Tormentas lejanas, aguaceros, corrientes de agua, murmullos desde la profundidad de los va lles, ecos, silencios. La escenografía de las montañas está ambientada por una gran variedad de fondos sonoros, las atmósferas propias de cada uno de los tipos de paisaje que las forman. Pero el paisaje sonoro es mucho más que eso. Consecuencia del comportamiento de los animales que lo pueblan, de sus necesidades de comunicación, cada lugar, cada hora del día y cada estación del año suena con su propia instrumentación. En la primavera de los Picos de Europa, el concierto natural de los bosques de hayas está formado por los cantos de los zorzales, los mirlos y demás aves forestales, pero también por el sonido más característico de toda la cordillera cantábrica, la esquilada del ganado que sube al monte. La noche, en cambio, es muy distinta. En los lugares más remotos, siempre a muchas horas de marcha del núcleo habitado más cercano, se puede escuchar la llamada misteriosa, difícil de describir, del urogallo, símbolo como pocos de la naturaleza virgen. Mientras, en las praderías alpinas se extiende un dosel sonoro formado por los cantos de las alondras en el cielo.

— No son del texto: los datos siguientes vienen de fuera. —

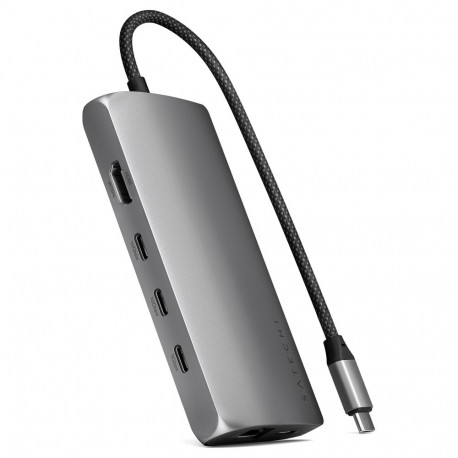 Satechi mitme pordiga adapter USB-C 8K Ethernetiga V3, kosmosehall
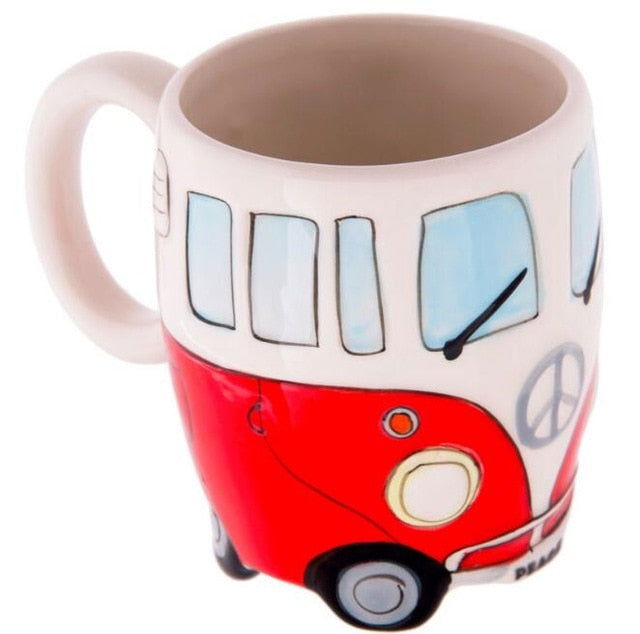 Hand Painted Retro Mug-Cutlery and dinnerware-www.Shopthatapp.com-Color:Red-KitchenJoint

Aquí y allá, a lo largo de todo el año, los paredones rocosos devuelven el eco de los gritos ásperos de las chovas, ya sea desde lo más alto de las cumbres, o por lo más hondo de un profundo desfiladero, encajado entre paredones rocosos.

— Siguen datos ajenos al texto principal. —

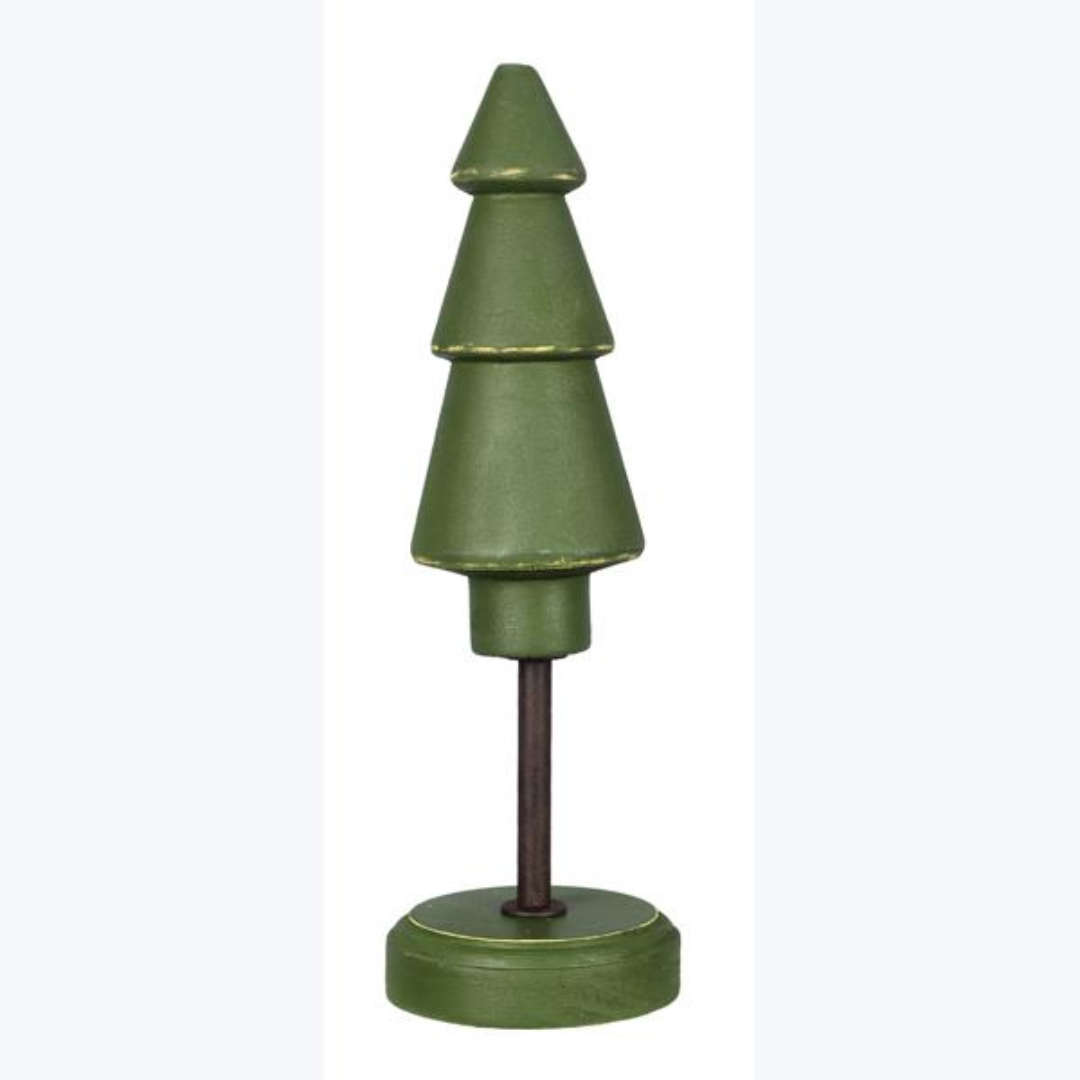 Wooden Green Trees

La llegada del otoño, y el paso posterior al invierno, conlleva un notable empobrecimiento del concierto natural. Las llamadas de los animales, reducidas a algunos reclamos simples y monótonos, dejan lugar a los murmullos producidos por las aguas y el viento. Un buen marco sobre el que destacan, a veces, los bramidos de los ciervos en celo y el estremecedor aullido del lobo.